学校の教員に相談することができたと回答した割合は、男性が23.1%、女性が24.8%で、いずれも7割以上の人が相談していなかった。相談した時期では男女ともに中学校が、相談相手は担任が最も多かった。
また、相談しなかった人のうち、教員が虐待に気付いたという人の割合は、男性で16.5%、女性で18.3%だった。
教員からの対応でうれしかったことを自由記述で尋ねたところ、「誰のことも否定せずに話を聞いてくれたこと。解決策をきちんと提示してくれたこと。考えを押し付けることなく決断を自分に委ねてくれたこと」「できるだけ長く学校に残れるようにしてくれたり、毎日夜中にたたき起こされて酔っ払った親に殴られたり説教されたりで寝られていなかったため、保健室で寝られるように手配してくれたりした」など、自分の話を聞いてもらえたことや安全な場所を用意してくれたことを挙げる声があった。

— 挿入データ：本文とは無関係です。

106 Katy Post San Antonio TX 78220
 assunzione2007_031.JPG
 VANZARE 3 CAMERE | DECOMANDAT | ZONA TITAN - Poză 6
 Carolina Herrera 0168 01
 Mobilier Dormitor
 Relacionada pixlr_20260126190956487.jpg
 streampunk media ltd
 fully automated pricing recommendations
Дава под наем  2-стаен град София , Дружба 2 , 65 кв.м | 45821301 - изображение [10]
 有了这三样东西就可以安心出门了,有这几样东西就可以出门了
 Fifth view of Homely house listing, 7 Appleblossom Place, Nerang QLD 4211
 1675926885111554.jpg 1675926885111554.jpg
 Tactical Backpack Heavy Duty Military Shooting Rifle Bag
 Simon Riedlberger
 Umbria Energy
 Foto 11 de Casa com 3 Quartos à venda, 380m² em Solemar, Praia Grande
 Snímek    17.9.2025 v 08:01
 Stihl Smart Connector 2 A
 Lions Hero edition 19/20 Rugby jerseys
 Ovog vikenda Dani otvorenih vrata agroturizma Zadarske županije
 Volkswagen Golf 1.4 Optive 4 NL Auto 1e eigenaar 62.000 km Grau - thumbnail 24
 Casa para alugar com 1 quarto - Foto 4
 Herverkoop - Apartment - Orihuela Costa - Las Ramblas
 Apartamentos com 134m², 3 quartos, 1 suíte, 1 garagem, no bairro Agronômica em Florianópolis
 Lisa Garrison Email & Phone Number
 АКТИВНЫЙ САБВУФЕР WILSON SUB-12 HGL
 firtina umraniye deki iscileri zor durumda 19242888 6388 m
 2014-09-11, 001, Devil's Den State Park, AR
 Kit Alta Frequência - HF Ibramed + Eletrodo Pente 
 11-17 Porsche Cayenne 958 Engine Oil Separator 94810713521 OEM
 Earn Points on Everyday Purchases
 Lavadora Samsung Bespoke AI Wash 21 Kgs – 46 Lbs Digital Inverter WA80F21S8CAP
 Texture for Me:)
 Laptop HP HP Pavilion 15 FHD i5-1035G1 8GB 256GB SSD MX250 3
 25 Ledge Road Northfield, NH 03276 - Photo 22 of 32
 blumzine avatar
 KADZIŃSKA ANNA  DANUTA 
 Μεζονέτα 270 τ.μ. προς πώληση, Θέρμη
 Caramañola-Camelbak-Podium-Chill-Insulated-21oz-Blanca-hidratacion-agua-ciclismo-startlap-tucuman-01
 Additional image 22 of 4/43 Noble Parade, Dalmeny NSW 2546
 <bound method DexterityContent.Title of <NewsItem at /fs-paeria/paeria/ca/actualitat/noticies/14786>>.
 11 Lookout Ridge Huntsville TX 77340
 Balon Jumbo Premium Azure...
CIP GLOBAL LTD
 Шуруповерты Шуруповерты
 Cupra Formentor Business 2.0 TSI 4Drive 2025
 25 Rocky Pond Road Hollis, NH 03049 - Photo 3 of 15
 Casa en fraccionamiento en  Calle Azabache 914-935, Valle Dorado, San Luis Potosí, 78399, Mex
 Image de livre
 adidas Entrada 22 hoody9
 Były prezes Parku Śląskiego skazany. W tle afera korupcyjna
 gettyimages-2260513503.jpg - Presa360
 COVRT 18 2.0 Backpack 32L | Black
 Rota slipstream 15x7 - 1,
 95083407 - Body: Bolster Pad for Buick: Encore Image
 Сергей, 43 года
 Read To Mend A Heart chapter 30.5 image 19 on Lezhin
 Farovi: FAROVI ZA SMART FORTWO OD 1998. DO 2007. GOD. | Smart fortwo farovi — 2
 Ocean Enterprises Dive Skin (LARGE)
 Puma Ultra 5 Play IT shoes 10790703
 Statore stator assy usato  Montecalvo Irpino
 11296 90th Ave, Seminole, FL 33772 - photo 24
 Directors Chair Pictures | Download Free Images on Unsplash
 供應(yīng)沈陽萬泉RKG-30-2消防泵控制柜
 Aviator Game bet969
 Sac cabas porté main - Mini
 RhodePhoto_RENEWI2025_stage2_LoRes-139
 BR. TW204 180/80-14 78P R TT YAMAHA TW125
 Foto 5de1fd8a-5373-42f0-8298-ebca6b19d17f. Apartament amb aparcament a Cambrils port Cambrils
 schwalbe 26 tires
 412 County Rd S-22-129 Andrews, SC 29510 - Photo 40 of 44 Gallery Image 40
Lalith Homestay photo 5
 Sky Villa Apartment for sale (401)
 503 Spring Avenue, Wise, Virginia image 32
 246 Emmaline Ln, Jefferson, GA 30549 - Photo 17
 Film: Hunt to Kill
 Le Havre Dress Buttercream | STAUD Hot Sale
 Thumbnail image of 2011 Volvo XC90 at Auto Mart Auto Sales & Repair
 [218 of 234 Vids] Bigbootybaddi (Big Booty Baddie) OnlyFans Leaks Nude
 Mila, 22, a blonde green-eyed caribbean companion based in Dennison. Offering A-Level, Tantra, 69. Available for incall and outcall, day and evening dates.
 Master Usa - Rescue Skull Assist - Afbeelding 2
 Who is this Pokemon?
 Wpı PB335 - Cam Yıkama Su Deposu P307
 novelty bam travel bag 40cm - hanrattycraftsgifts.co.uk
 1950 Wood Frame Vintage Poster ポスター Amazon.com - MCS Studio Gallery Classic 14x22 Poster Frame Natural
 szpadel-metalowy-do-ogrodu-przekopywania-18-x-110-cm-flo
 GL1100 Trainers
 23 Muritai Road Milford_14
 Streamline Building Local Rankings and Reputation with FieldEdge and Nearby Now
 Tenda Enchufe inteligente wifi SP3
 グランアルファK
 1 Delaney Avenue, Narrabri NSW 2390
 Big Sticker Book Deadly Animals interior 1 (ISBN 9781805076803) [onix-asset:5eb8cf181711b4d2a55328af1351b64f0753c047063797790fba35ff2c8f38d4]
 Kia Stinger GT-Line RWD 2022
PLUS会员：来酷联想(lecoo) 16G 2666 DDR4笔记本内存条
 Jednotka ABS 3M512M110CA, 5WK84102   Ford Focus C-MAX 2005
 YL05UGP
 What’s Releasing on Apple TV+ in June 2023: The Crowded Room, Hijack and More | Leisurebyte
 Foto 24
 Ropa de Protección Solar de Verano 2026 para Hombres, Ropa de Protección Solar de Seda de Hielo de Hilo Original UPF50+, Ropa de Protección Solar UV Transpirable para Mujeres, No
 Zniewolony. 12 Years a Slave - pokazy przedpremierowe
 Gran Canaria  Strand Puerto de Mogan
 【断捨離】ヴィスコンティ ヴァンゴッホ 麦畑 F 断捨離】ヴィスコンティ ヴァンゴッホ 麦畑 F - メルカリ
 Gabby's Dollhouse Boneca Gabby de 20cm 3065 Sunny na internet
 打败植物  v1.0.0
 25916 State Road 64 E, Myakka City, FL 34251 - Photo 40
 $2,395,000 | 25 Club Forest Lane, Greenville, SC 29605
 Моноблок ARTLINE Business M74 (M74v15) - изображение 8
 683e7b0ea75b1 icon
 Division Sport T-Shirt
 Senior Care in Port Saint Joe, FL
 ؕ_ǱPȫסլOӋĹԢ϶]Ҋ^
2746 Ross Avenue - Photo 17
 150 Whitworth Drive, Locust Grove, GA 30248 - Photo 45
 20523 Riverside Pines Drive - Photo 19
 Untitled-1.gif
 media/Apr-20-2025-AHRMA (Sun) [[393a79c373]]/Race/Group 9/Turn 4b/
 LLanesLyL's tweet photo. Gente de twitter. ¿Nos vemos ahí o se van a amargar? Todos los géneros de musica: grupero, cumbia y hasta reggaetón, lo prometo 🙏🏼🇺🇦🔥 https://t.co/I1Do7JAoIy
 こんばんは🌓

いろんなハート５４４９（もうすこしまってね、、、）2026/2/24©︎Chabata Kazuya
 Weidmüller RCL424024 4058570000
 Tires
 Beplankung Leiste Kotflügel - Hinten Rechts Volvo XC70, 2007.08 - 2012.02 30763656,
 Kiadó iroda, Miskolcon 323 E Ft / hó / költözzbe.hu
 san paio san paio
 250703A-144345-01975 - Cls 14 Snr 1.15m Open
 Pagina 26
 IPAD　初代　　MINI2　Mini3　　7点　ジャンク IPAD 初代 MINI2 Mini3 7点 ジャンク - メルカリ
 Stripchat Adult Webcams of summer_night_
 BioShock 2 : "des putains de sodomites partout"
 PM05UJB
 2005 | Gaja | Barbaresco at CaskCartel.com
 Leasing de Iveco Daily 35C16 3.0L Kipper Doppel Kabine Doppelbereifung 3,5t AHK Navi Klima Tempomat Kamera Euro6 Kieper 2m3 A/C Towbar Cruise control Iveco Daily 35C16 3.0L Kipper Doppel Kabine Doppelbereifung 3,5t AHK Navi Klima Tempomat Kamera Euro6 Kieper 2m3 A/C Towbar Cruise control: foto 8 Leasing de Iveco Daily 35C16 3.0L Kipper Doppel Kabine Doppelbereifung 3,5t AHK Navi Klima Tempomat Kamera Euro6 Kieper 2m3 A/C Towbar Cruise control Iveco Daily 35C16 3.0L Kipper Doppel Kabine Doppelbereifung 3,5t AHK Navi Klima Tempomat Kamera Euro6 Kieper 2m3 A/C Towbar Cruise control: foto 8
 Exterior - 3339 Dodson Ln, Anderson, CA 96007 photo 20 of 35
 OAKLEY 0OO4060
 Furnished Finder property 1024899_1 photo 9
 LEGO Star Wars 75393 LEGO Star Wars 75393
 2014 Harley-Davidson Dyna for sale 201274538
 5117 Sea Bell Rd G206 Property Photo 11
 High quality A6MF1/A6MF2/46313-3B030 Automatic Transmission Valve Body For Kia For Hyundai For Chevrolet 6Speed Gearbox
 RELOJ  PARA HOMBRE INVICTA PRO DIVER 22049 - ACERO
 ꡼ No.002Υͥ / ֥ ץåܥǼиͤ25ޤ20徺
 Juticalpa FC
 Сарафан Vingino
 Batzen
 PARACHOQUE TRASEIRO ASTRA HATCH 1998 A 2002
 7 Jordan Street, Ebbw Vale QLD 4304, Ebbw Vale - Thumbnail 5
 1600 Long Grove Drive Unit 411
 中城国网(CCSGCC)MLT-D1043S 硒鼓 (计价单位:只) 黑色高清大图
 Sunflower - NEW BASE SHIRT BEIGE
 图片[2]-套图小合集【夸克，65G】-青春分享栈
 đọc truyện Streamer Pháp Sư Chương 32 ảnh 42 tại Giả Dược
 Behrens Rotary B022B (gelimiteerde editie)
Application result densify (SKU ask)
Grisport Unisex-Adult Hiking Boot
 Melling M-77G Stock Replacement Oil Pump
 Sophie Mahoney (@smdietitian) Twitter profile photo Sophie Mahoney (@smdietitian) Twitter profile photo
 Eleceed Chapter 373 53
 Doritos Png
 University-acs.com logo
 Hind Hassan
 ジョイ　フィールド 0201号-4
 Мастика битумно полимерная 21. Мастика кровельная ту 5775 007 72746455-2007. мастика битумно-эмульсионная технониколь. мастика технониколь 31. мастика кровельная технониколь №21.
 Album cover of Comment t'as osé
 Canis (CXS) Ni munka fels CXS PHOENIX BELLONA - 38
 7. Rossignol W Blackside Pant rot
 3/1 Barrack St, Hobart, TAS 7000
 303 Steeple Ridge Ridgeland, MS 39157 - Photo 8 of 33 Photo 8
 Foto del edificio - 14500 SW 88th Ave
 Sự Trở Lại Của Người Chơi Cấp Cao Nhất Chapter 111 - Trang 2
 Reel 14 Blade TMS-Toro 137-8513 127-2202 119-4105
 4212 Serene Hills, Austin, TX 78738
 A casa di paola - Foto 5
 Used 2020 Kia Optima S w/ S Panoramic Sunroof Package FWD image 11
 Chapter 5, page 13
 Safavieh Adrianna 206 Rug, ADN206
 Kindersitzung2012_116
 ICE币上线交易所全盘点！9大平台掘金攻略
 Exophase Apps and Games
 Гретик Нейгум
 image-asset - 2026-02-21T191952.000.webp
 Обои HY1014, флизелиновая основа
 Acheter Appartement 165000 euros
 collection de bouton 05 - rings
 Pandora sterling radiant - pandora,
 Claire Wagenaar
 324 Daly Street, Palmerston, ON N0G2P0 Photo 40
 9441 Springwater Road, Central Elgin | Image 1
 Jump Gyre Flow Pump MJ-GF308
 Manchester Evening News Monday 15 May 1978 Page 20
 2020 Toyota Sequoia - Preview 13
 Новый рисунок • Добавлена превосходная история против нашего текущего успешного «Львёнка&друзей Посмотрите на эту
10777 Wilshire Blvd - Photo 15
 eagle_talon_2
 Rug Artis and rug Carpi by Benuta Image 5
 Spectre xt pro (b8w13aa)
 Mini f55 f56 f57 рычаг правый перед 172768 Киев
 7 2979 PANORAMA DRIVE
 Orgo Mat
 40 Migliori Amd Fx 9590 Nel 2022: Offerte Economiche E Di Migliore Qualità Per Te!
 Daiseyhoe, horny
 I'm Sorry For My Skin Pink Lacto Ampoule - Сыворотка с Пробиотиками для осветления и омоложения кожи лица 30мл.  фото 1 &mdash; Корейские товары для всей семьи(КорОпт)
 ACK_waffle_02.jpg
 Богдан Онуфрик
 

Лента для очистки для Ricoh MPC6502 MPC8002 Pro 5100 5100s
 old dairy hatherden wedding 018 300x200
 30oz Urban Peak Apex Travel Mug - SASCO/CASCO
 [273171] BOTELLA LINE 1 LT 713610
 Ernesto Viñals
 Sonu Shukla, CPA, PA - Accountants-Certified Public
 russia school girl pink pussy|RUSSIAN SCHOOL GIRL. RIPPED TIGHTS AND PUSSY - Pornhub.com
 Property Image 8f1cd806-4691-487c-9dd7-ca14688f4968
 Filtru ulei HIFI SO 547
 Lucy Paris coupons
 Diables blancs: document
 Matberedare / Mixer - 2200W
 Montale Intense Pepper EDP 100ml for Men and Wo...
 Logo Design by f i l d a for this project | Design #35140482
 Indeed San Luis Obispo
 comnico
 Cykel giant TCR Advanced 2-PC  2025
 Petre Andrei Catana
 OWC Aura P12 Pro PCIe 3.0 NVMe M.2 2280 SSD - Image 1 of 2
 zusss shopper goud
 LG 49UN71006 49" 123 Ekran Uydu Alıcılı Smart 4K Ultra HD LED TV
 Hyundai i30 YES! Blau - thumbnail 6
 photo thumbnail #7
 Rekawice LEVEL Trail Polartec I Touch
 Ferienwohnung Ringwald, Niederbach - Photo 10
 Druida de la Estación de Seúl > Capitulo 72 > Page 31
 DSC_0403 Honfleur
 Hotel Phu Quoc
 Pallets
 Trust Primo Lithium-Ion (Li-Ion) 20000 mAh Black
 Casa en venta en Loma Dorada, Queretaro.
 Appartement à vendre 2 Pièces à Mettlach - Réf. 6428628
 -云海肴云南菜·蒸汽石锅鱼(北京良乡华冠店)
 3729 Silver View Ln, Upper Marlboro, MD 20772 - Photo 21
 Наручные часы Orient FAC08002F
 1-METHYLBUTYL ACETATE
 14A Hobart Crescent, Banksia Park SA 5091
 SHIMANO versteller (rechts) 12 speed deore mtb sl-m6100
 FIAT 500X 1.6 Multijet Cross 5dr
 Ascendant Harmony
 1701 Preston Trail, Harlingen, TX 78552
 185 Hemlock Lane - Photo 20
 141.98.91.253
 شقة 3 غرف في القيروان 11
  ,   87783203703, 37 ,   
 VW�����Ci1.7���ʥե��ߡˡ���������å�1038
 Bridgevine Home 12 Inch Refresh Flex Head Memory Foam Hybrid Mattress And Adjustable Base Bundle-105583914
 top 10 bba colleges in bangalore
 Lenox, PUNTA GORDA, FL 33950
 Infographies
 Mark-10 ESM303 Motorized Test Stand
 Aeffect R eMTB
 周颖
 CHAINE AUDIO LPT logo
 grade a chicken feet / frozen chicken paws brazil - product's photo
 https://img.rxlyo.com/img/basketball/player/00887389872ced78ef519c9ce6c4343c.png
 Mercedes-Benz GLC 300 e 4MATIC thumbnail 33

一方で、教員からの対応で嫌だったことについては「『親も一人で子育てして大変だから支えてあげようという優しさを持ってね』と言われた」「すぐ親に報告したり、信用しなかったりしたこと。『あんなにいい親がありえない。思い違い。わがままなところを直したら。もっとつらい人たちがいる』と言われたこと」「『話したことが(相手に伝わると)余計にされるから言わないで』って言ったのに、親に連絡した。他の人に聞かれるような職員室や廊下などの場所(で)『親とはどうか? もうされてないか?』など聞かれた」と、虐待をしている親に子ども本人の意向を踏まえずに連絡を取ろうとしたり、虐待を受けていることを周囲に知られないようにするための配慮が欠けたりしていることなどがみられた。
「ACHAプロジェクト」の山本昌子代表は「今回のアンケートを通じて、虐待の対応としてまず大切なのは、SOSとしての子どもの声をしっかり聞くことだと感じた。これまでの経験などにとらわれず、目の前の子どもの声を信じることも求められている。例えば、『問題行動を繰り返す子ども』がいたときに、その子どもの行動こそがSOSだということを知っておいてほしい。マニュアル通りではなく、一人一人に合わせた対応が必要だ。このアンケートをきっかけに、5年後や10年後の学校における虐待対応の在り方を、少しでも良い方向に変えることになれば」と話している。